During the early SARS outbreak, scientists used molecular probes to detect certain regions of the coronavirus genome in the domestic and wild animals being sold at the live markets. Moreover, blood samples were drawn from workers with exposure to the animals, and serological surveys detected the presence of coronavirus antibodies. The animal traders and food handlers had significantly higher antibody titers against coronaviruses compared to the general population. Thus, the animals sold at the live markets were the likely source of SARS-CoV-1. The first animals found to carry SARS-CoV-1 were palm civets and raccoon dogs. After culling of the masked civets at the live markets, SARS cases ceased. Further investigations determined that Chinese horseshoe bats (Rhinolophus) were the primary host or natural animal host (reservoir) of SARS-CoV-1. The current knowledge of primary and intermediate hosts for human coronaviruses is summarized in Fig. 4.

fig. 4

Fig. 4 Primary and intermediate hosts of human coronaviruses showing cross-species transmission. No concrete evidence exists about the intermediate host (or hosts) of HCoV NL63 and HCoV HKU1. The years of isolation or emergences of each viral strain are also indicated.
(Credit: Teri Shors)


Many wild animals have been surveyed since SARS-CoV-1 was isolated in 2003. In addition to coronaviruses, bats continue to harbor some of the most diverse and highly pathogenic viruses, such as Ebola, Nipah, Hendra, and rabies viruses. Bats are found everywhere on Earth, with the exception of Antarctica, and account for 20% of all mammals. They play an important role in agriculture by pollinating fruit trees and controlling insect populations (for example, mosquitoes). In Asia, more than 50 species of bats are hunted and eaten by low-income populations. Bats also are used in traditional medicine, and their guano (excrement) is harvested to use as fertilizer for jackfruit, eggplant, papaya, and other economically important crops.
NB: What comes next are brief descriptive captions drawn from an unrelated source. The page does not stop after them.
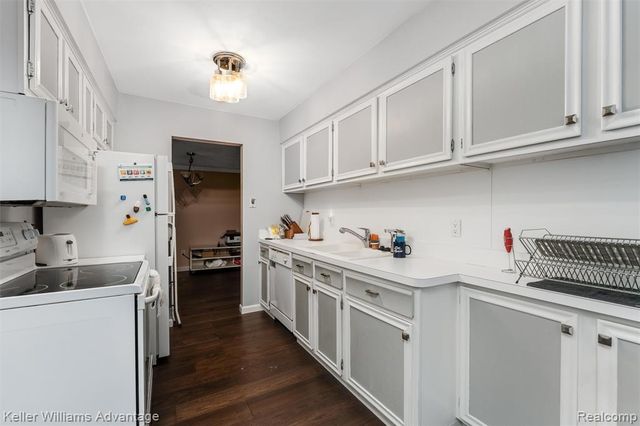 21320 E Glen Haven Circle, Northville, MI 48167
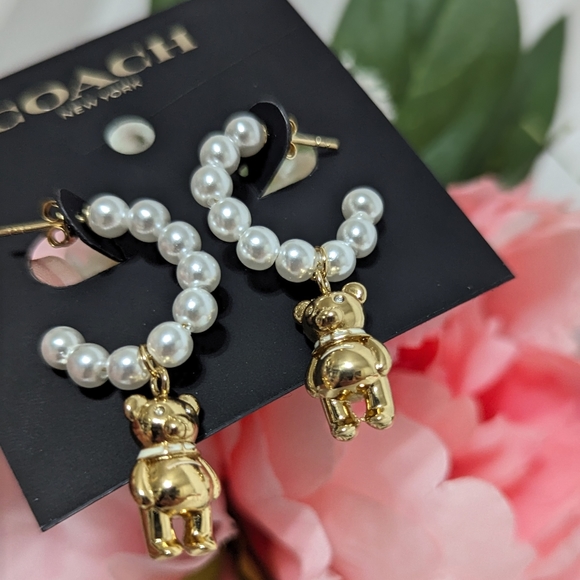 🆕 Teddy Bear Pearl Earrings 💛 COACH - Picture 3 of 5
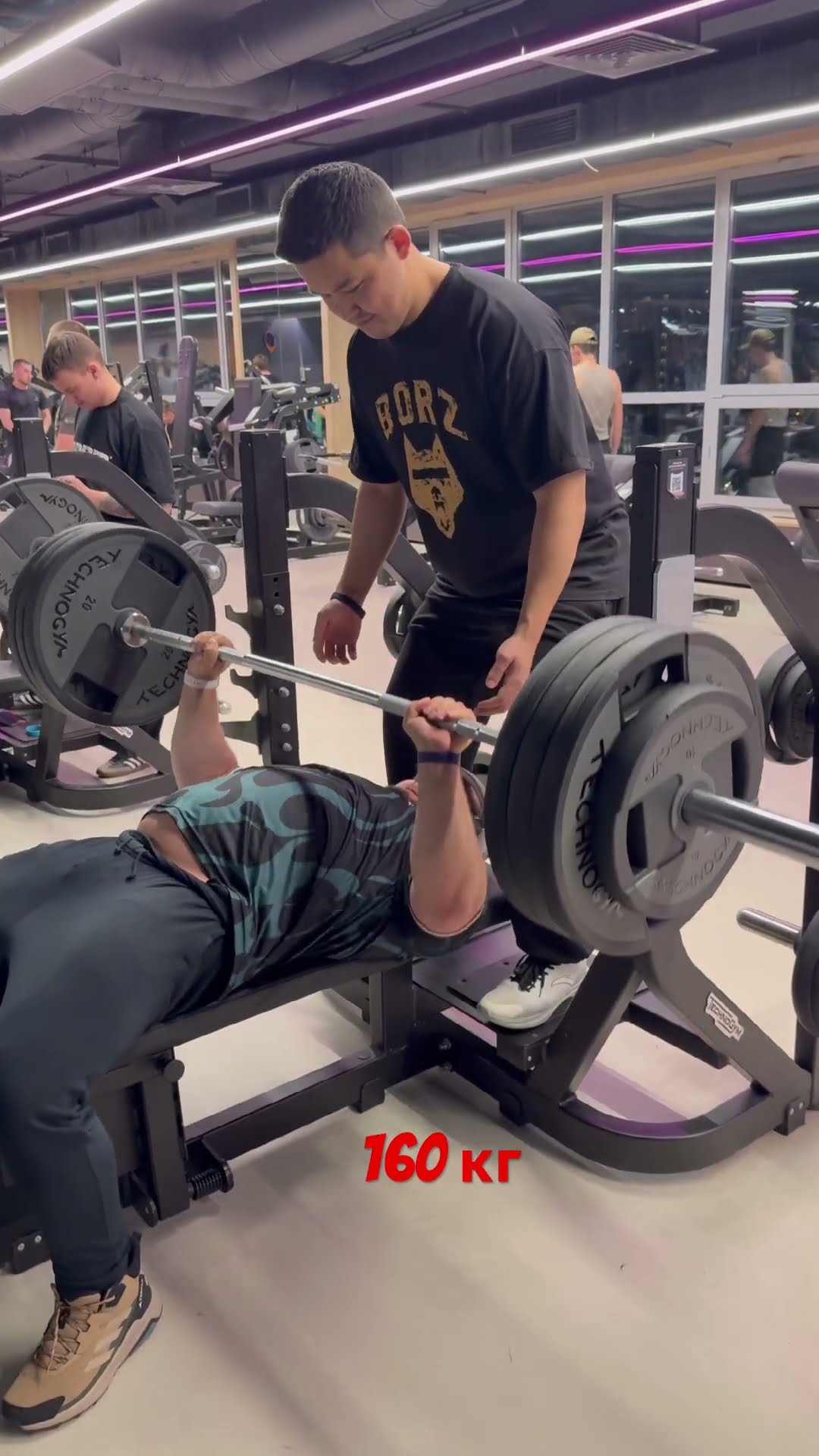 Превью: 160кг на 6 раз #marakasi #motivation #motivation #спорт #sports #качалка #жимлёжа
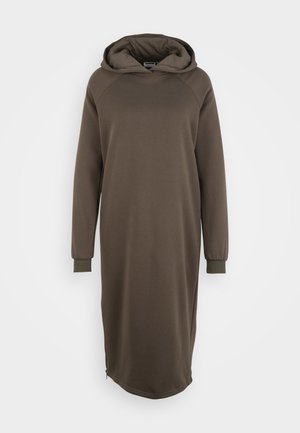 Vestido con capucha en verde oliva, hecho de una tela suave. Presenta mangas largas, puños acanalados y una cremallera lateral en el dobladillo para un detalle adicional.
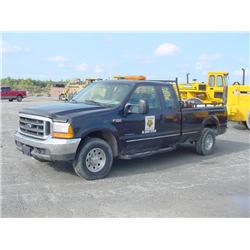 FORD F350SD SUPER CAB 4 X 2 PICKUP s/n 1FTSX30F7XED45520:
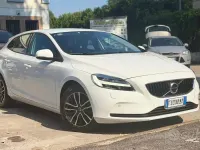 Usata Volvo V40 Momentum 150 CV (110 kW) 2019 Other Berlina
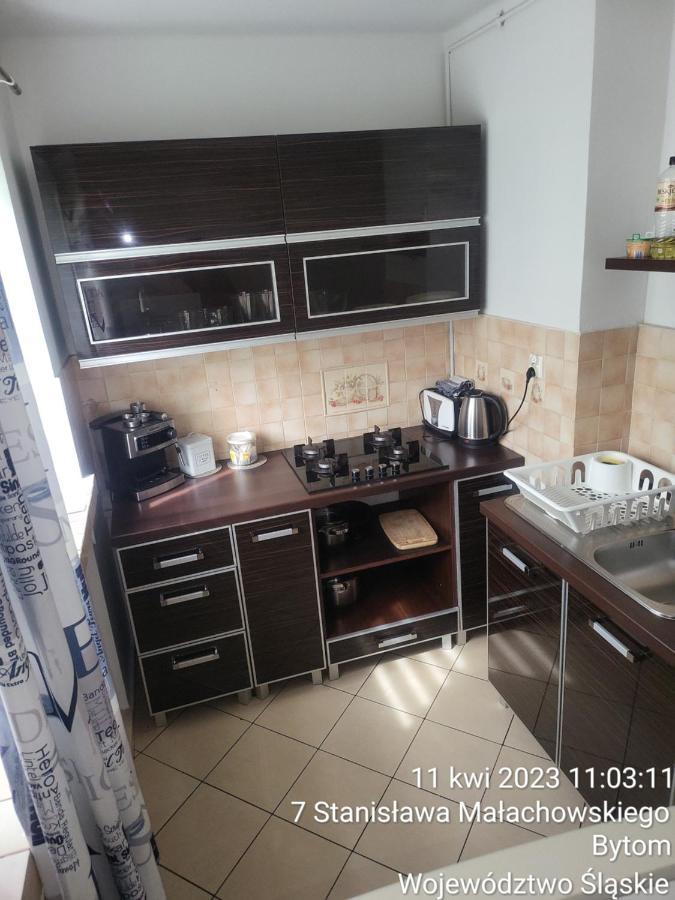 Apartamenty Rest Studio Self Check-In 24H Битом Екстер'єр фото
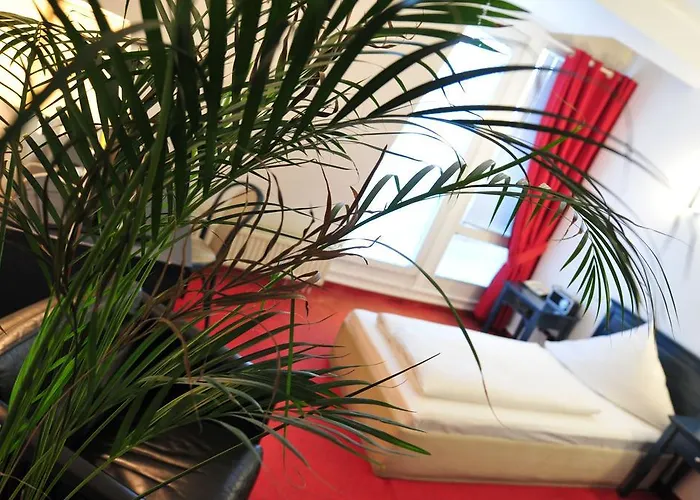 Cerano Am Dom Hotel 3*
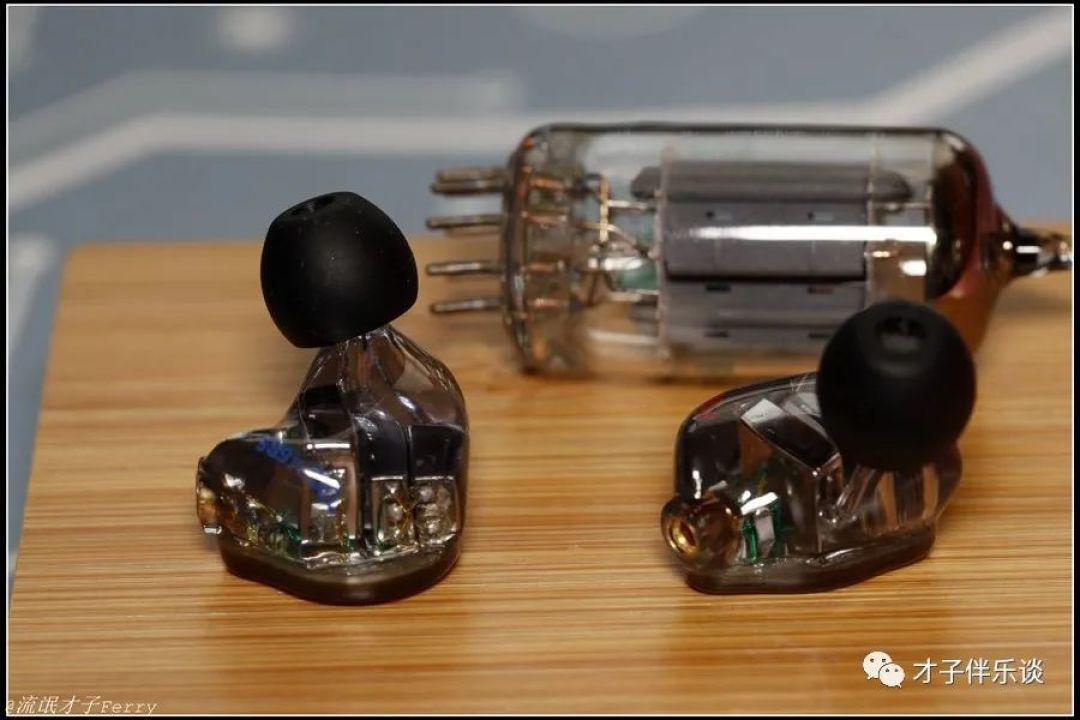 【才子伴乐谈】人间四月天,是听宝的季节_耳机_什么值得买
Bats are capable of sustained flying speeds up to 160 km per hour (99 miles per hour) for hours at a time, achieving long distances that aid virus transmission. Because they possess remarkably strong antiviral immune responses and limited self-damaging inflammatory responses, bats rarely exhibit disease symptoms. Bats are being increasingly recognized as flying germ factories for zoonotic diseases that become lethal when they jump to humans. Undoubtedly, the conditions at some geographic locations will be ideal for spillover and a potential epidemic.

Coronaviruses are masters of RNA recombination

What determines whether a coronavirus will jump to humans? Interestingly, the mutation rate of SARS-CoV-1 has been estimated to be consistent with that of other viruses that have RNA genomes. The viral RNA genome has a high-fidelity rate, undergoing 0.17 mutations per genome per day or 2 mutations per human passage (few errors occur during viral replication).

Coronaviruses are masters of RNA recombination, which is a genetic mechanism whereby two different viral RNA genomes hybridize and exchange regions of RNA at precise locations. Coronavirus genomes undergo RNA recombination at high frequencies during replication. In doing so, the integrity of the RNA is preserved (replacing any mistakes made during replication). In addition, coronaviruses can pick up novel genes, enabling them to adapt to a new host. RNA recombination can occur between the same and different coronavirus genomes (and between host RNA, which is less common).

The RNA region that codes for the S protein is located in the most variable region of the coronavirus genome. RNA recombination events resulting in S-protein mutations are typical examples of how viral genomic changes allow a coronavirus to adapt and attach to a host receptor, enabling the coronavirus to infect a different species. In addition, changes in other locations of the coronavirus genome can increase its adaptability to new hosts, or the genome may incorporate host/cellular RNA into its genome that codes for an accessory factor that permits its replication in a different species. Thus, it is more apparent than ever that emerging coronaviruses are a serious threat.